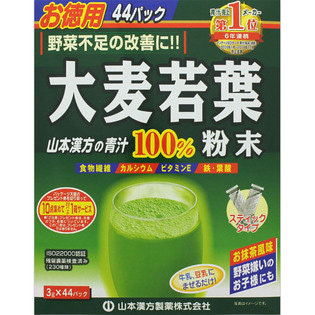 山本漢方 大麦若葉粉末100% <スティックタイプ> 3g×44包 1個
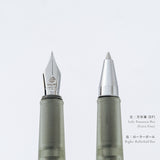 Hobonichi 2027 - Kakimori x TSUKI no IRO: Frost Fountain Pen (Extra Fine) - Hobonichi Techo Exclusive Color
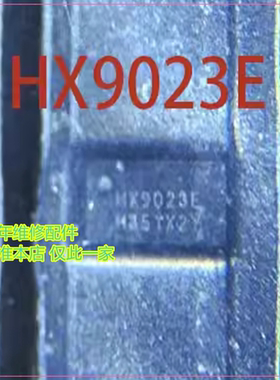 适用于畅享70X HX9023E闪光灯IC LP62701显示IC 4683充电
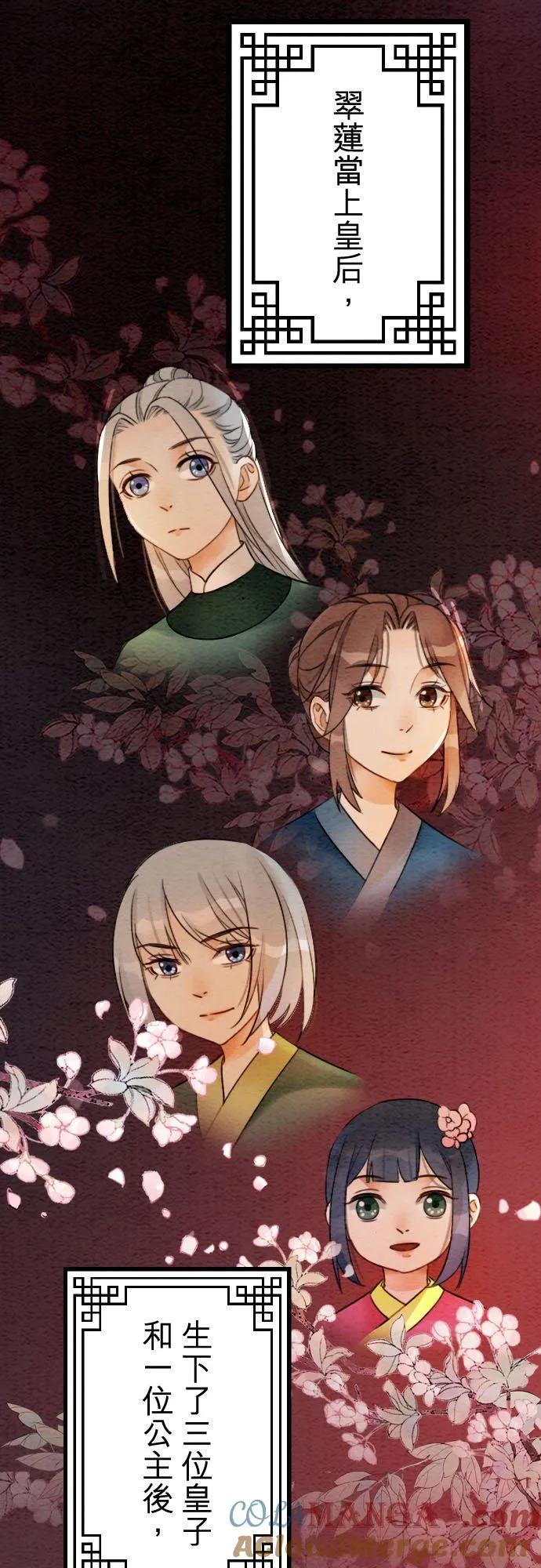第198页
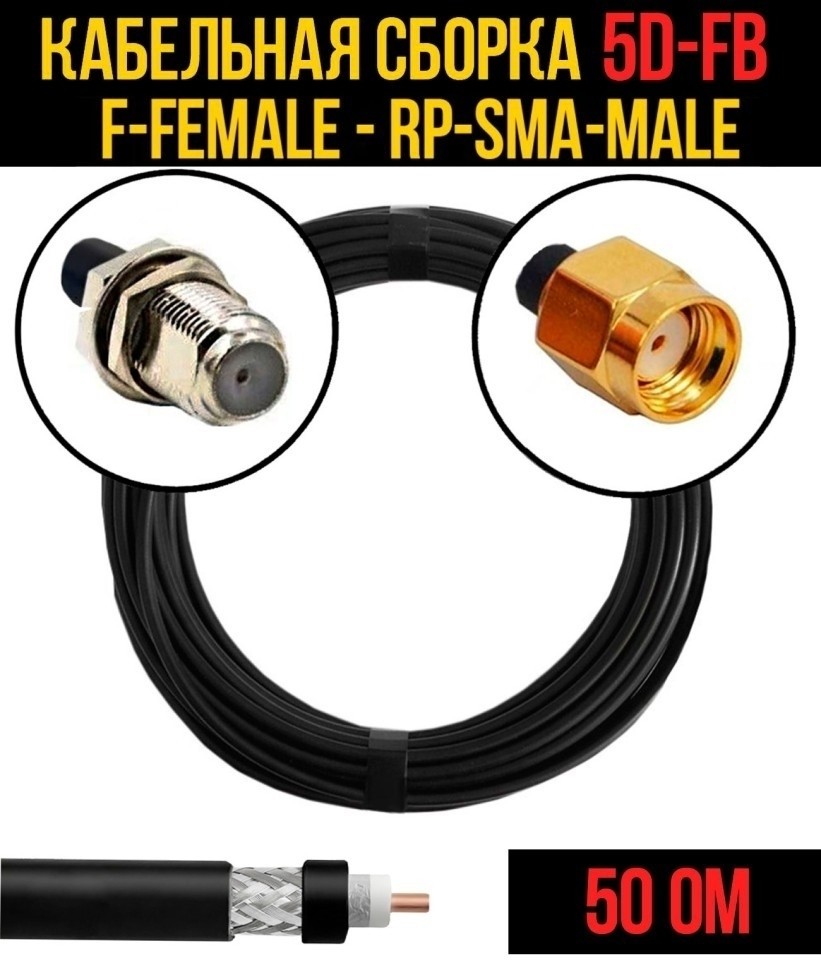 Кабельная сборка 5D-FB (F-female - RP-SMA-male), 12 метров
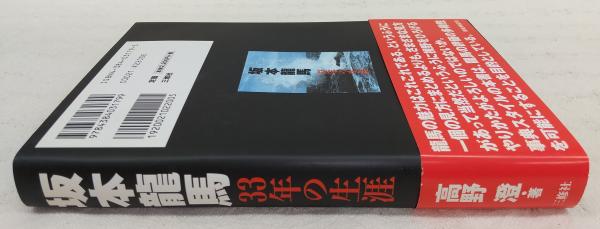 坂本龍馬33年の生涯 高野澄 著 ぶっくいん高知 古書部 古本 中古本 古書籍の通販は 日本の古本屋 日本の古本屋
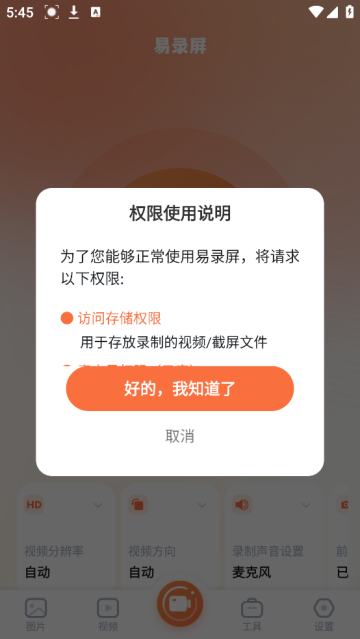 易录屏app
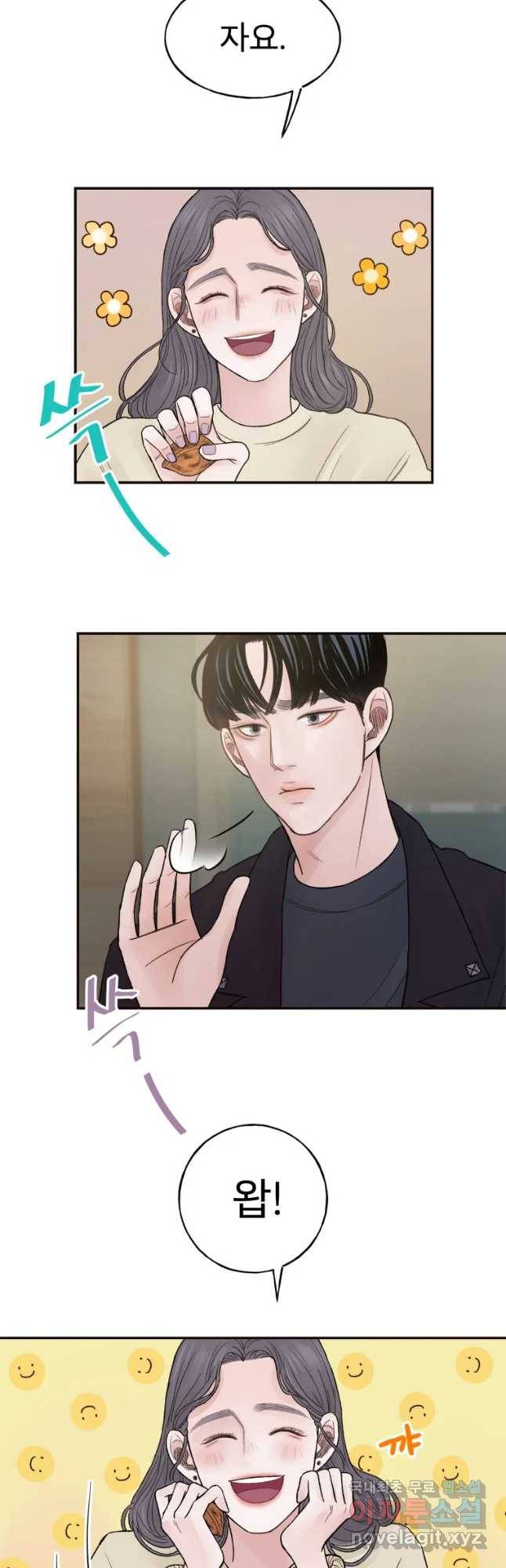 사람이라호 2화 35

::::::::::

#### WHAT YOU WILL DO
When you transcribe the entries above, keep every word exact and leave out the pictures.

#### SOLUTION FOR THIS TASK
 山本漢方 大麦若葉粉末100% <スティックタイプ> 3g×44包 1個
 Hobonichi 2027 - Kakimori x TSUKI no IRO: Frost Fountain Pen (Extra Fine) - Hobonichi Techo Exclusive Color
 适用于畅享70X HX9023E闪光灯IC LP62701显示IC 4683充电
第198页
 Кабельная сборка 5D-FB (F-female - RP-SMA-male), 12 метров
 坂本龍馬33年の生涯 高野澄 著 ぶっくいん高知 古書部 古本 中古本 古書籍の通販は 日本の古本屋 日本の古本屋
 易录屏app
 사람이라호 2화 35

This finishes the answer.